Assigned task:
The line that contains "Blue Heriz Serapi" marks the start. Please set it down, with every later line of the data, exactly and without pictures.

Short descriptive text snippets
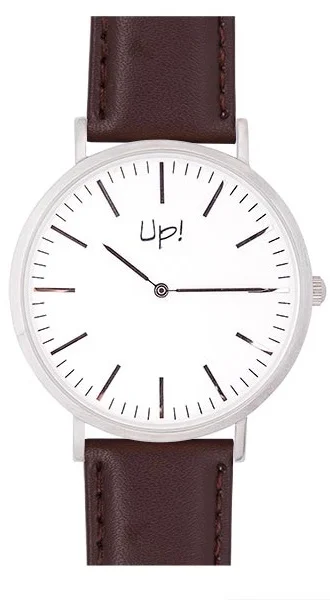Up! Watch Silver & D.brown Slim Case Saat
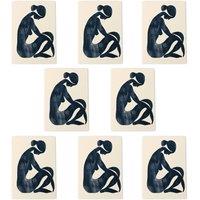 Wee Blue Coo Abstract Female Silhouette Minimal Art Cards Pack of 8 Any Occasion in Grey | Size: 8 pack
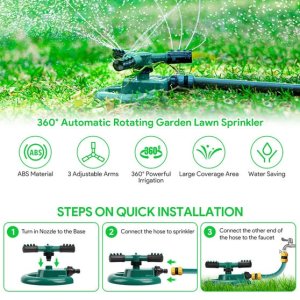 360 Degree 3 Arm Sprinkler for Garden and Lawn Watering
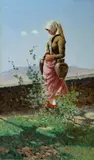 Contadina by Angiolo Tommasi, oil on canvas, offered Dec 2018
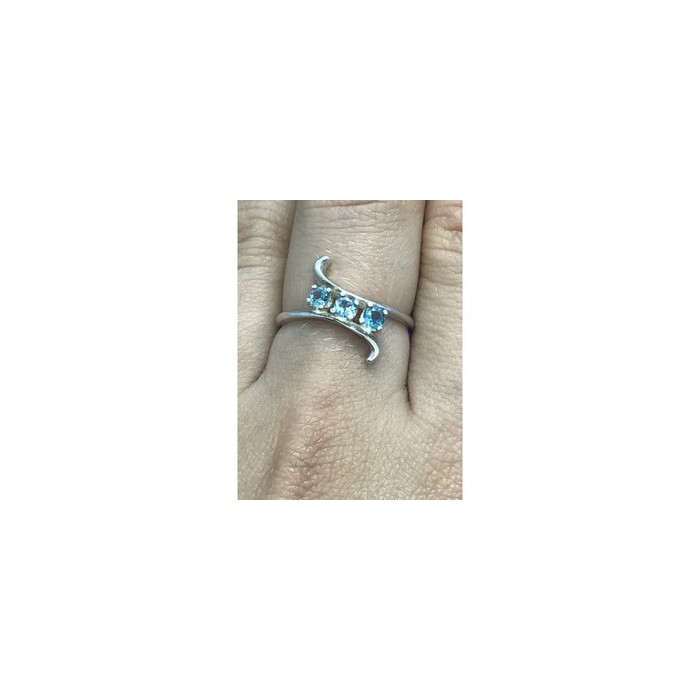 925 Sterling Silver Blue Spinel Ring Size 8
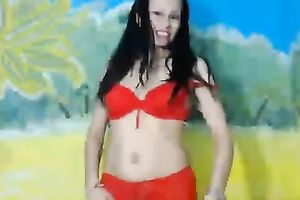 Kinky slutwife in red lacy underware was posing so naturally on webcam for my buddy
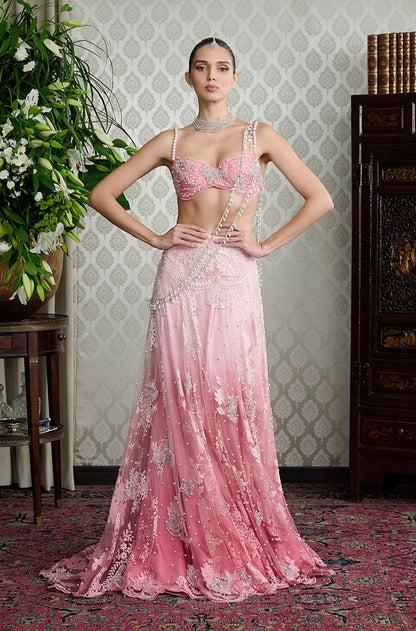 Pink Ombré Lace Pearl Embellished Skirt Set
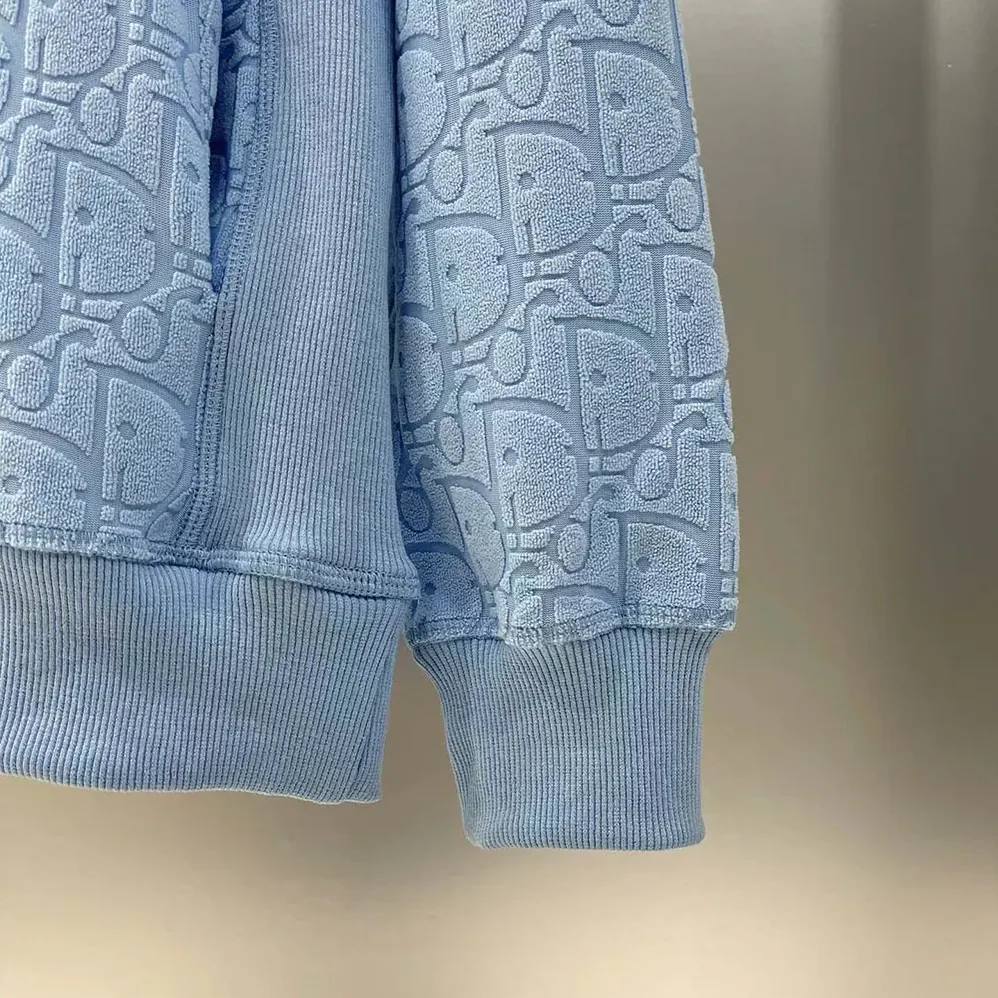 Dior Oblique Relaxed-Fit Hooded Sweatshirt Blue Terry Cotton Jacquard for Men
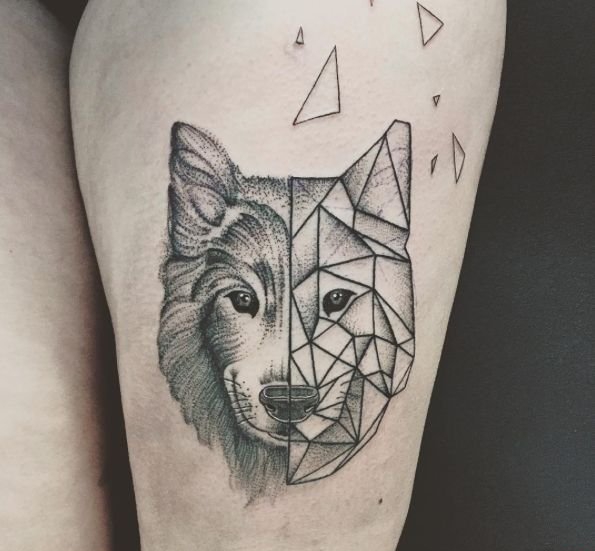 18款霸气的几何纹身狼纹身图案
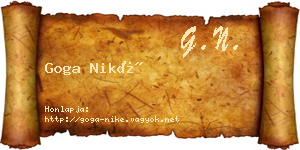 Goga Niké névjegykártya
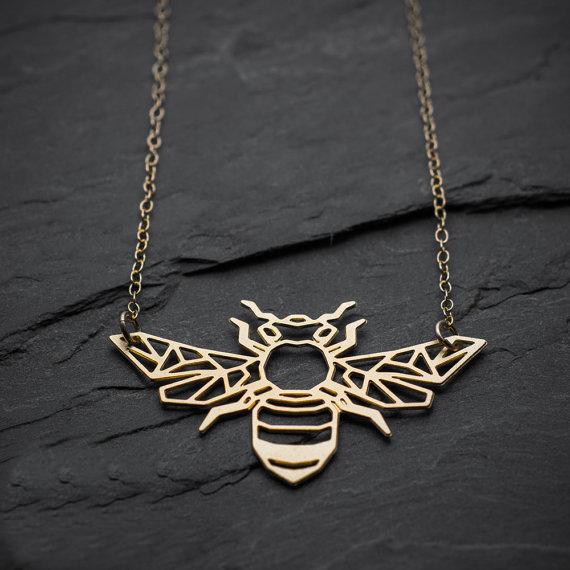 Geometric Bee Necklace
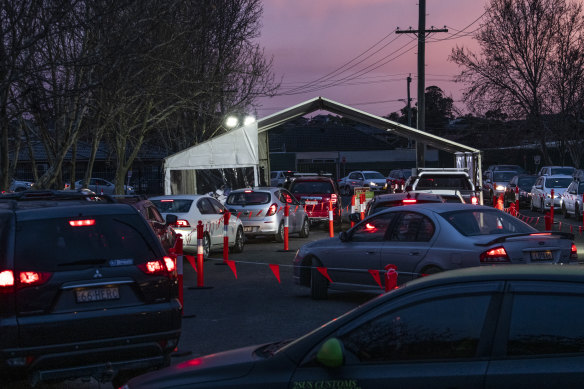 Long queues for Fairfield’s 24-hour COVID-19 testing centre on Wednesday morning.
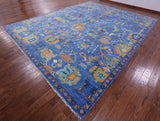 Blue Heriz Serapi Hand Knotted Wool Rug - 12' 2" X 15' 2" - Golden Nile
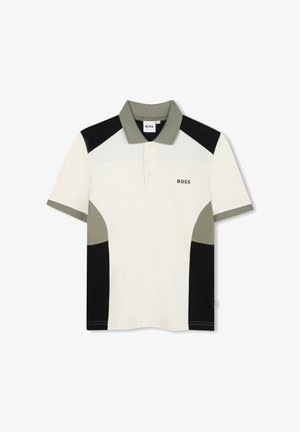 Polo à design découpé avec des sections crème, vert olive et noir. Patte de boutonnage à trois boutons, logo "BOSS" sur la poitrine gauche.
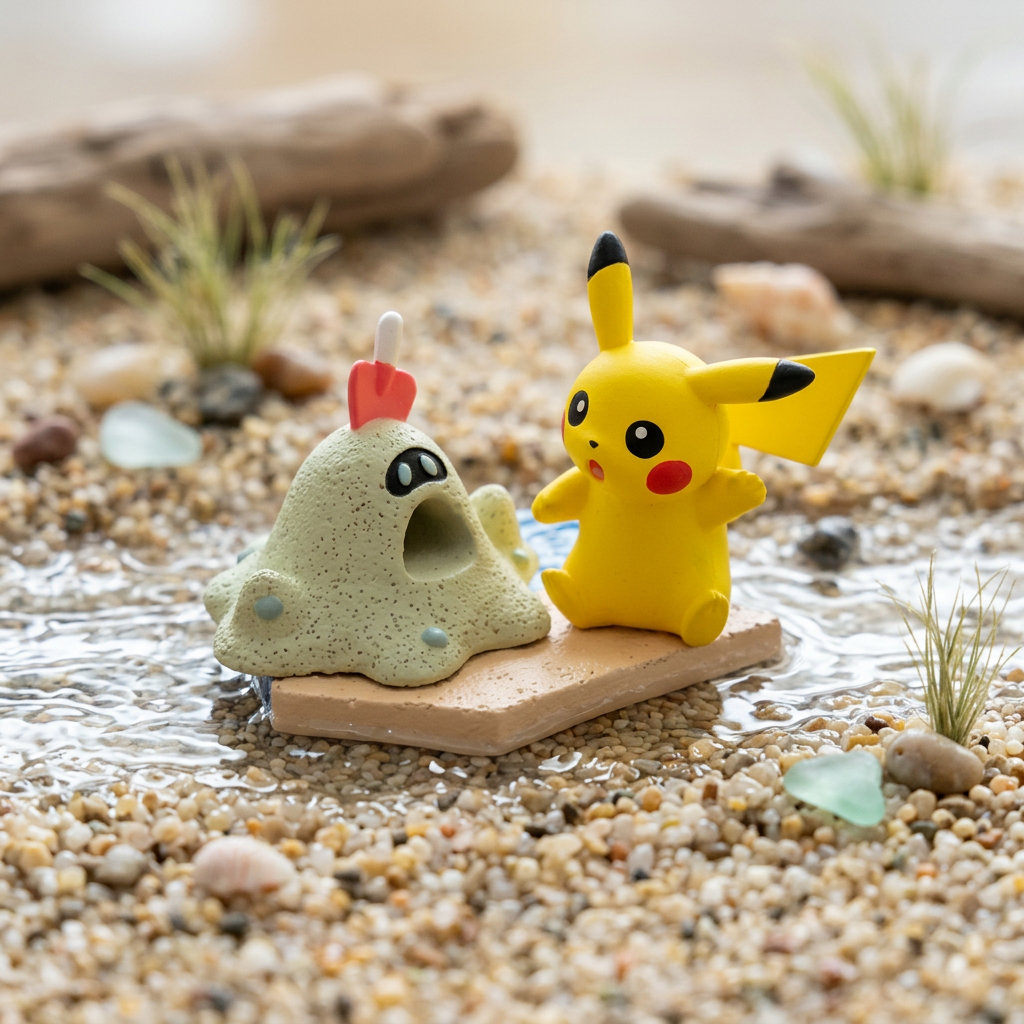 Yellow Pikachu seaside mini figure beside speckled Sandygast mound on blue base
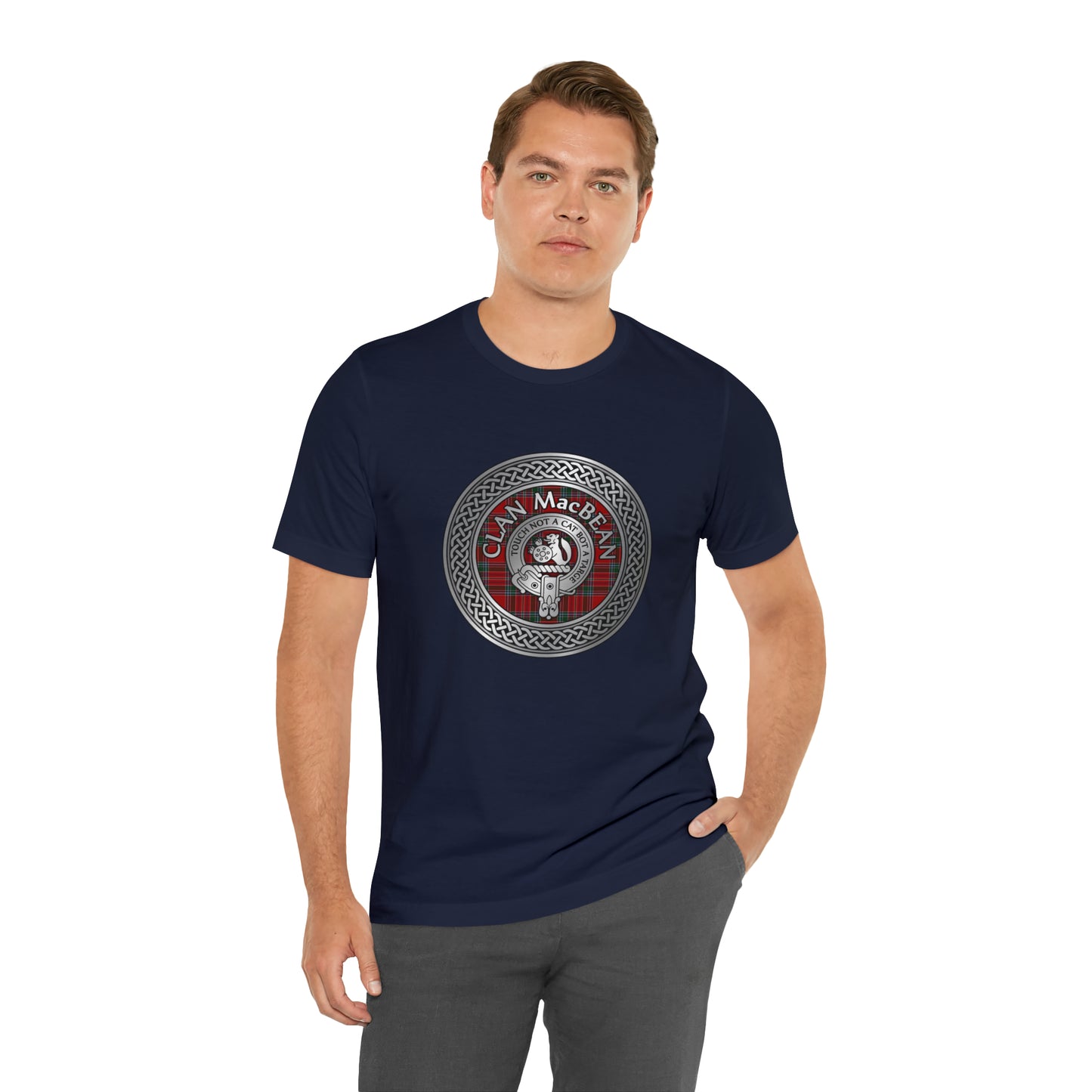 Clan MacBean Crest & Tartan Knot | Unisex T-Shirt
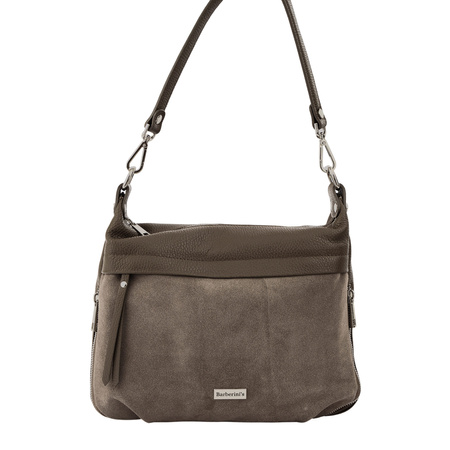 Skórzana torebka z zamszowym akcentem - Beżowa ciemna 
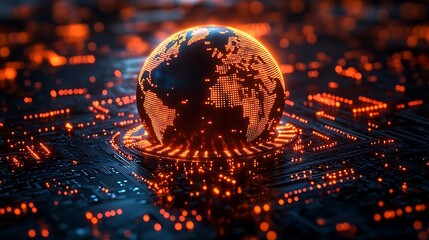 Glowing orange world map rests on complex dark blue electronic circuit background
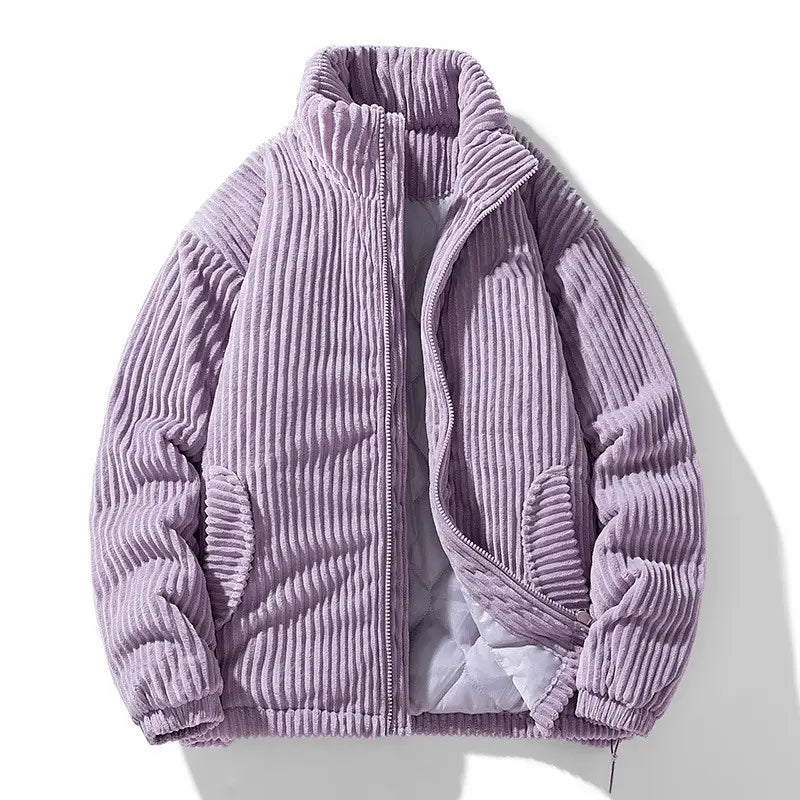 Lavender corduroy puffer jacket for couples with high collar and quilted interior for added warmth and style.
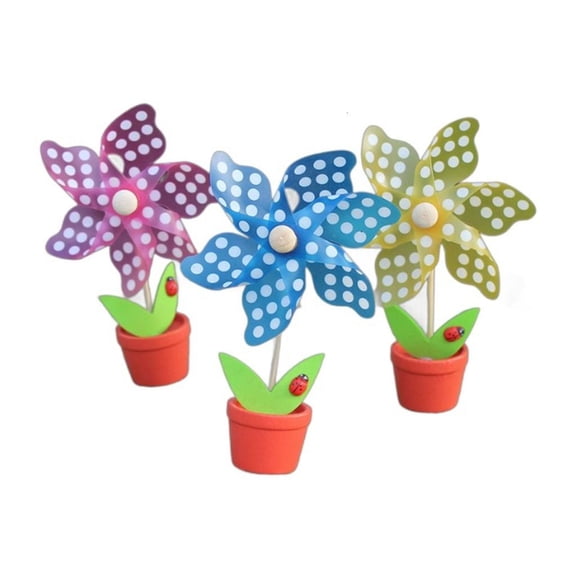 3Pcs Small Windmills with Flowerpots Plastic Wind Spinner Kids Photo Props Gift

Reply to the task:
 Blue Heriz Serapi Hand Knotted Wool Rug - 12' 2" X 15' 2" - Golden Nile
 Polo à design découpé avec des sections crème, vert olive et noir. Patte de boutonnage à trois boutons, logo "BOSS" sur la poitrine gauche.
 Yellow Pikachu seaside mini figure beside speckled Sandygast mound on blue base
 Clan MacBean Crest & Tartan Knot | Unisex T-Shirt
 Skórzana torebka z zamszowym akcentem - Beżowa ciemna 
 Glowing orange world map rests on complex dark blue electronic circuit background
 Lavender corduroy puffer jacket for couples with high collar and quilted interior for added warmth and style.
 3Pcs Small Windmills with Flowerpots Plastic Wind Spinner Kids Photo Props Gift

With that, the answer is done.